That reduces to the coefficient of \(x^{20}\) in\[(x^{-3} + x^{-2} + \cdots + x^{20})^3\]

How do I calculate the above?

@dan815 use elementary techniques please

\[=\left( x^{-3}\cdot\dfrac{1-x^{30}}{1-x}\right)^3\]

\[= x^{-9}(1-x^{30})^3(1-x)^{-3 }\]

\[x^{-9} (1 - x^{90} - 3x^{30} + 3x^{60})(1-x)^{-3}\]

\[= (x^{-9} - x^{81}-3x^{21} + 3x^{51} )(1-x)^{-3}\]

now the coefficient of \(x^r\) in \((1 - x)^{-n}\) is\[\binom{n+r-1}{r-1}\]

you could also simply use stars and bars

hmm, yeah. is it \(y_1 + 3\) or \(y_1 - 3\)?

\(y_i=x_i+3\)
so yeah it should be \(y_i-3\)

ok, that's nice.\[\binom{n-1}{k-1}\]

watcha doing?

u want int solutions?

\[\binom{19}{2}\]

id just use stars and bars

but sure ill bite, how does it come out to be the coeff of x^k again

oh sorry, I missed all the threes.

\[y_1 + y_2 + y_3 = 29\]

should the number of nonnegative solutions be\[\binom{29-1}{3-1}\]

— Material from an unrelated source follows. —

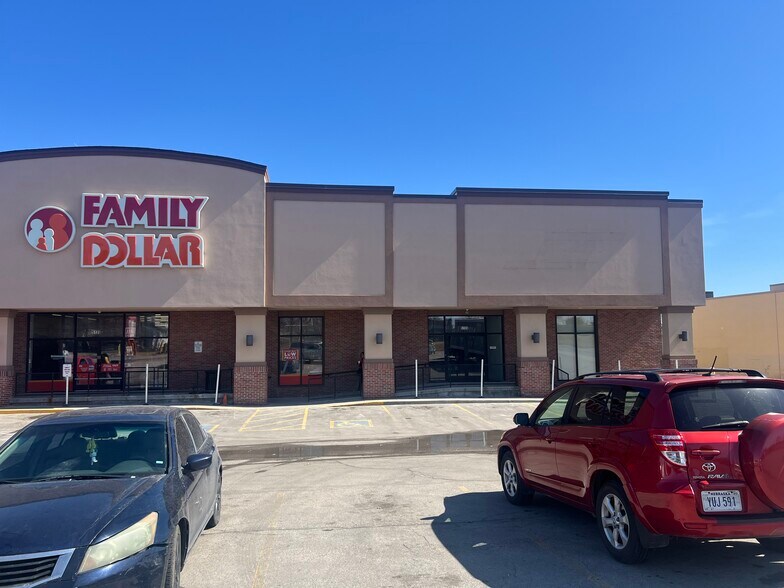 More Photos Of 5101-5125 S 36th St, Omaha Freestanding For Lease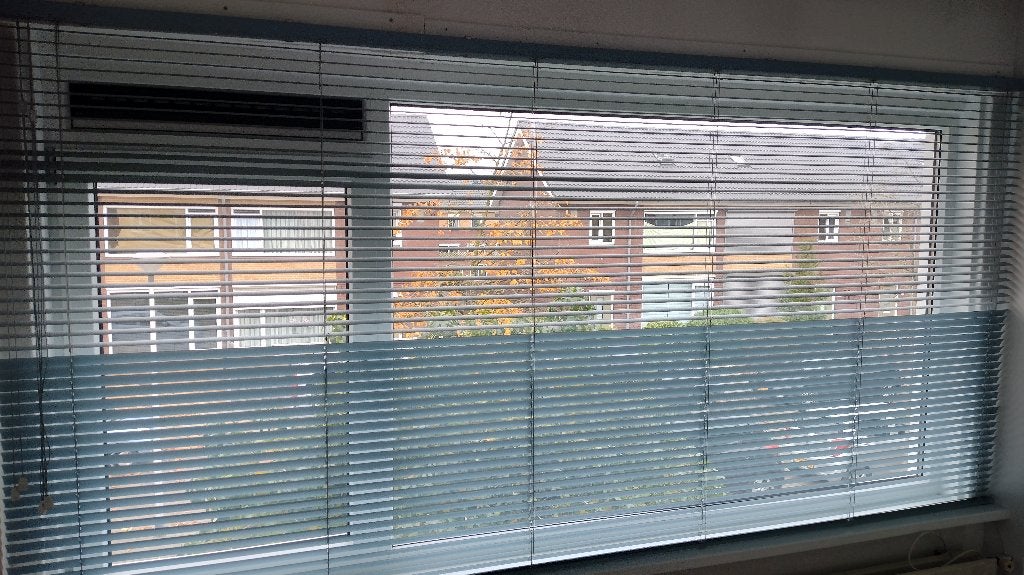 Luxaflex 311,5 cm breed en 152 hoog, Ophalen, 200 cm of meer, 150 tot 200 cm, Gebruikt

oh nvm i get whwy its the coeff of x^20 in that expansion kinda neat trick

yeah, it is.

the way to think about this problem is the same as
x1+x2+x3=k
x1,x2,x3 >= 0

do you know how to solve that problem

allowed -3 what u basicaaly did is just allow more 1s in each place

by introducing -3 you just shifted your number index

ik, ik. there are various tricks to find the coefficient.

ok so watcha looking for now

ya x1+x2+x3=29 is right

for x1,x2,x3 non negative solutions

ok, so nonnegative solutions|dw:1444026999220:dw|

hahahaha

eh, that thing was just meant to illustrate stars-and-bars for x1 + x2 + x3 = 4

ya i know

hey shut up

but yes parth

heres a very easy way to work it out

\[\binom{29+3-1}{3-1}\]

suppose
x1,x2,x3 = 20
but u allow no 0 x1,x2,x3>=1

what does this really mean?

that means we must start with 1 in x1 x2 x3

1 +k1+ 1 + k2 +1 +k3 = 20
so your new zero beginning equation is now
k1+k2+k3=17

now u see how we went from the 1 case to 0 case

same logic from 0 to -3 case

just number indices here they are just symbols

i know what's happening here jesus

dont sweat

swear

ohhh I got where I went wrong lol

the n?

Oh wait..

\[\binom{29+3-1}{3-1} \] this should be fixed no?

i need \((x^{-3} + x^{-2} + \cdots + x^{26})^3 \)

yay 465 is right baby

Yeah see it should be \[\binom{29+3-1}{29}\] ye?

well both of them are equal so it doesn't even matter

Ah I see, you're too good Mr. Kohli!

how many solutions to \(x+y+z+t=29\) when \(x\ge 1, y\ge 2, z\ge 3, t\ge0 \)

same thing

again we transform in the following manner\[x=a+1\]\[y=b+2\]\[z=c+3\]

yea

how many solutions to \(x_1 + x_2 + x_3 + 4x_4 = 20\)

coefficient of \(x^{20}\) in\[(1 + x + \cdots + x^{20})^3(1 + x^{4}+x^8+\cdots + x^{20}) \]

looks like you're back

so can you use that trick here? I haven't got the real feel for it.

\[\frac{\left(1 - x^{21}\right)^3 }{(1-x)^{3}} \cdot \frac{1- x^{20}}{1-x^{4} }\]

now can we remove \((1-x^{21})^3\) because it doesn't contribute to \(x^{20}\)?

\[(1-x)^{-3} \left(1 + x^4 +x^8 + x^{12}+x^{16}+x^{20}\right)\]

now the coefficient of \(x^r\) in \((1-x)^{-n}\) is\[\binom{n+r-1}{r-1}\]is that right?

or is it the opposite... coefficient of \(x^n\) in \((1-x)^{-r}\) is \(\binom{n+r-1}{r-1}\)

\[\frac{1}{(1-x)^s}=\sum_{k=0}^{\infty} \binom{s+k-1}{s-1}x^k \]

\[ \frac{1}{(1-x)^s}=\sum_{k=0}^{\infty} \binom{s+k-1}{k }x^k \]

\[\dbinom{-n}{r} = (-1)^r\dbinom{n+r-1}{r-1}\]

that's nice

\[(1-x)^{-s}=\sum_{k=0}^{\infty} (-1)^k\binom{s+k-1}{s-1}x^k \]
right ?